# MultiLexScaled - sentiment analysis (mark up individual texts) (2021-12-10)

_by A. Maurits van der Veen_  

_Modification history:_  
_2021-12-03 - Convert to csv lexica; use newest versions of lexica, as publicly available_  
_2021-12-10 - Clean up & streamline for GitHub repo_  

This notebook applies sentiment analysis to a small set of texts. It displays these texts in annotated form, showing (either in parentheses or in colour) which words are used in a text's sentiment calculation.

The notebook is very helpful to get insights into how MultiLexScaled works and how individual texts are scored. For larger-scale sentiment analysis, please use the `pandas` or `file-based` versions of this notebook (part of the same repo).


### 0. Set-up

Specify the main folders containing corpora, notebooks, and code files, as well as the code modules required.


In [None]:
STAIRfolder = '/Users/username/STAIR/'


In [None]:
# Code files to import
import sys
sys.path.append(STAIRfolder + 'Code')
import os
import csv
import numpy as np
import sty        # needed for coloured output.
                  # (if not present, install from command line with 'pip install sty', then restart kernel)

# local code modules -> these should be in the folder just specified (or otherwise locatable by python)
import tokenization
import valence
import calibrate
    
# Print summary version info (for fuller info, simply print sys.version)
print('You are using python version {}.'.format(sys.version.split()[0]))

Next, specify where to find the sentiment analysis lexica and the calibration file, along with their names. 


In [None]:
SAfolder = STAIRfolder + 'Corpora/Lexica/English/MultiLexScaled/'

In [None]:
lexica = {'HuLiu':          SAfolder + 'HuLiu/opinion-lexicon-English/HuLiu_lexiconX.csv',
          'LabMT_filtered': SAfolder + 'labMT/labMT_lexicon_filtered.csv',
          'LexicoderSD':    SAfolder + 'Lexicoder/LSDaug2015/LSD_lexiconX.csv',
          'MPQA':           SAfolder + 'MPQA 2.0/opinionfinderv2.0/lexicons/MPQA_lexicon.csv',
          'NRC':            SAfolder + 'NRC/NRC-Emotion-Lexicon-v0.92/NRC_lexicon.csv',
          'SOCAL':          SAfolder + 'SO-CAL/English (from GitHub)/SO-CAL_lexiconX.csv',
          'SWN_filtered':   SAfolder + 'SWN/SWN_lexicon_filtered0.1.csv',
          'WordStat':       SAfolder + 'WordStat/WSD 2.0/WordStat_lexicon2X.csv',
         } 
lexnames = sorted(lexica.keys())

# If not using modifiers, just set modifierlex to None
modifierlex = SAfolder + 'SO-CAL/English (from GitHub)/SO-CAL_modifiersX.csv'


In [None]:
# Load lexica & modifier info
lexica_used = [valence.load_lex(lexfile) for lexname, lexfile in sorted(lexica.items())]
mods = valence.load_lex(modifierlex) if len(modifierlex) > 0 else {}


In [None]:
# Identify the calibration pathname
calibrationfolder = SAfolder + 'Calibration/'
calibrationfile = calibrationfolder + 'Calibration_US_2021-12-10.csv'


In [None]:
wild = '*'  # Wildcard character for lexica with wildcard entries (LexicoderSD, WordStat)

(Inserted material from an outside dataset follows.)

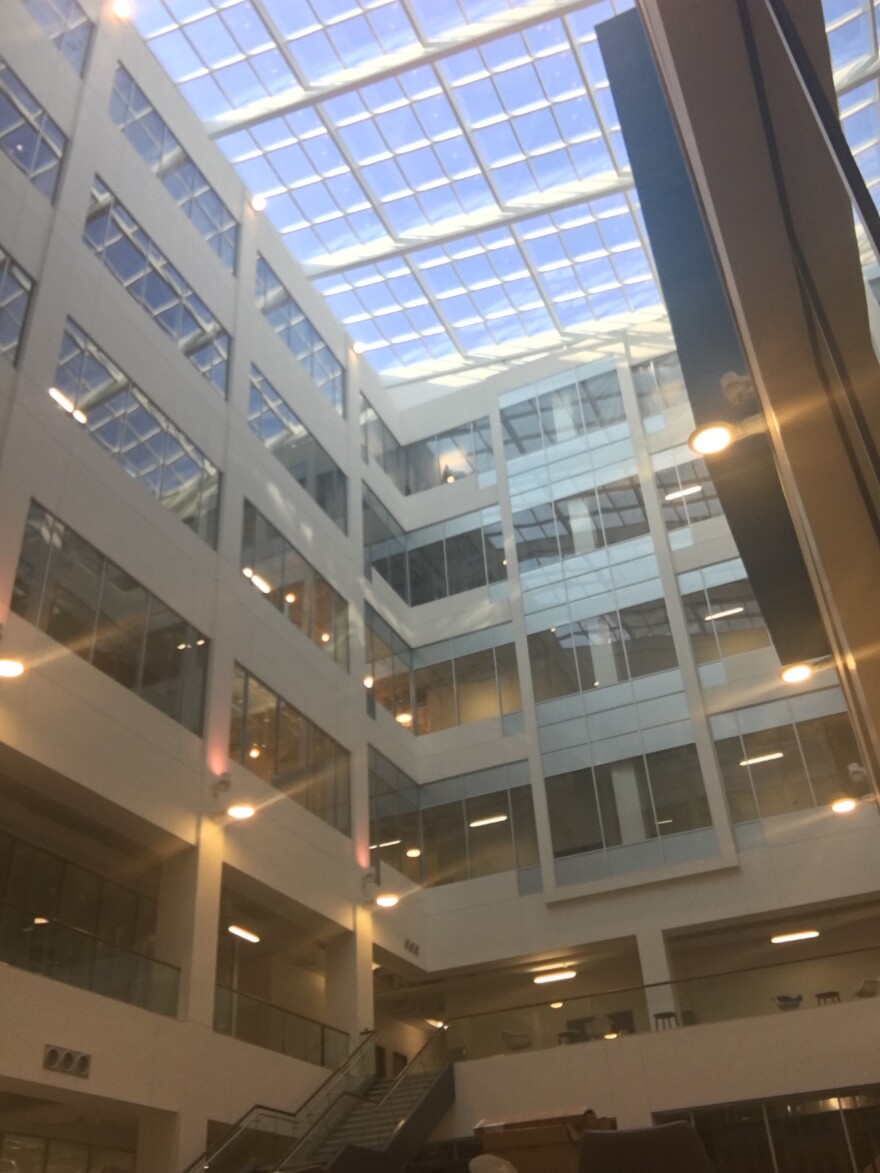 Inside the atrium of the renovated Chesterfield building in downtown Durham's Brightleaf District.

### 1. Specify texts to analyze

For small sets of texts, it is easy just to type or copy & paste. Otherwise just read in from a file.

In [None]:
# Specify text or texts to analyze.

texts = ["He was not hardly happy with the unforeseen unfortunate but not awful outcome",

         "Things can go from worst to worse to bad to very mediocre to not bad to good to better to best",
         
         "While British articles are more negative than American articles when measured against an identical yardstick , the two countries do indeed parallel one another somewhat more closely when each is measured against its own national media landscape",
        ] 


In [None]:
# Clean & pre-tokenize texts (separate out punctuation &c.)

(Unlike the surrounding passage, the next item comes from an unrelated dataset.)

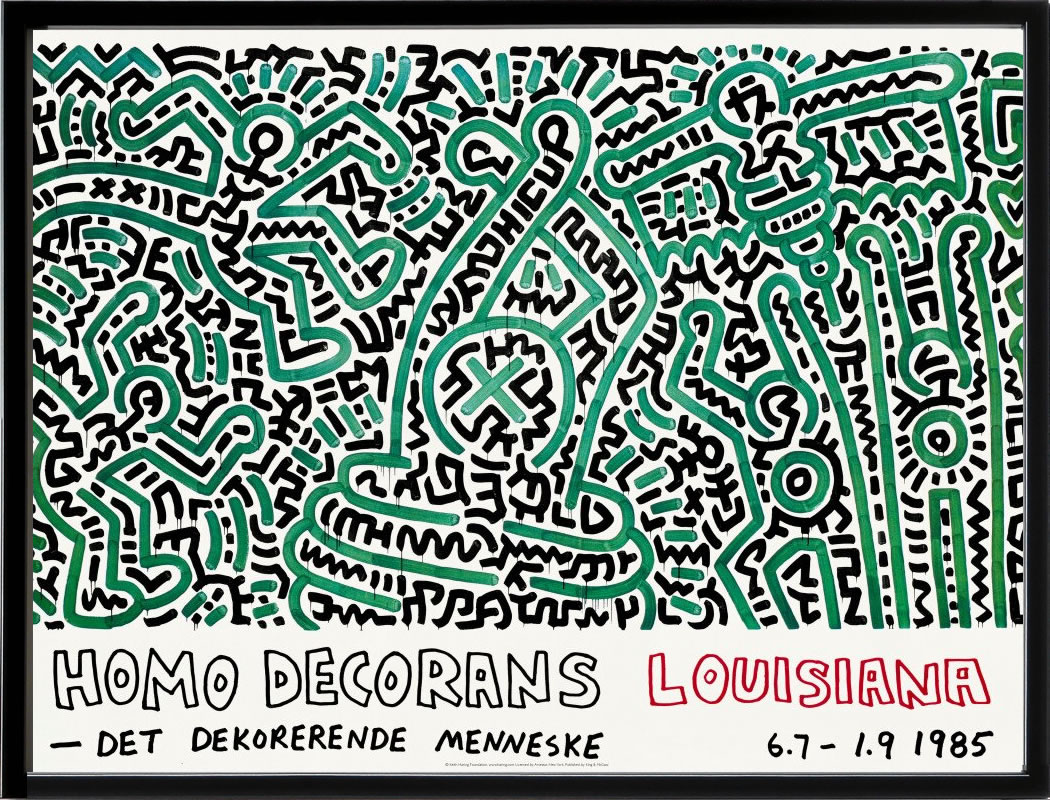 キース ヘリング ポスター 絵画 作品 グッズ アートパネル アートポスター ポップ アート 絵 複製画 版画 リトグラフ シルクスクリーン アートフレーム インテリア フレーム付き 壁掛け 北欧 おしゃれキース・ヘリング Homo Decorans Louisiana 1985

texts = [tokenization.punctuationPreprocess(text) for text in texts]


### 2. Calculate valence

#### 2.1. Specify parameters

We can specify words to ignore (for example, key search terms that might also appear in a valence lexicon), as well as special punctuation to skip (standard punctuation will be skipped automatically). The latter will not be included in the word count; the former will.


In [None]:
ignorewords = set()                  # Valenced words to ignore, if any, but include in wordcount
words2skip = set(('.', ',', '...'))  # Words to skip altogether (usually just punctuation)

# Negation words, to combine with modifiers/intensifiers such as 'very' or 'hardly' in adjusting valence
negaters = ('not', 'no', 'neither', 'nor', 'nothing', 'never', 'none', 
            'nowhere', 'noone', 'nobody',
            'lack', 'lacked', 'lacking', 'lacks', 'missing', 'without')


#### 2.2 Valence calculation and mark-up


In [None]:
# Generate a list of all keys across our lexica, but remove ignorewords
allterms = valence.allkeys(lexica_used)
ignoreX = set(ignorewords) - allterms  # Words to skip separately because not in any lexica
allterms -= set(ignorewords)  # Update allterms to ignore words in our ignore set

# Generate flags indicating whether a lexicon has wildcards
wildlexicon = [valence.haswilds(lex) for lex in lexica_used]


In [None]:
# Calculate valence data and mark up each text indicating modifier/negation words and valence words
results = [valence.getValence(text.lower(), lexica_used, wildlexicon, wild, 
                              allterms, ignoreX, words2skip,
                              modifiers=mods, negaters=negaters,
                              scaling='words', flagwords=True) \
           for text in texts]

# Separate results
valencedata, markeduptexts = zip(*results)


### 3 Calibration

Our calibration is based on newspaper articles. This has two important implications for valence calculations of short test sentences that may appear counter-intuitive:

1. The mean valence of a newspaper article in our representative corpus, as measured by every single one of our lexica, is greater than zero. (This is shown in the list of 'means' displayed when the calibration data are loaded in the next code snippet.) As a result, a sentence that has no valenced words in it at all is (comparatively) negative, rather than neutral, as one might expect.  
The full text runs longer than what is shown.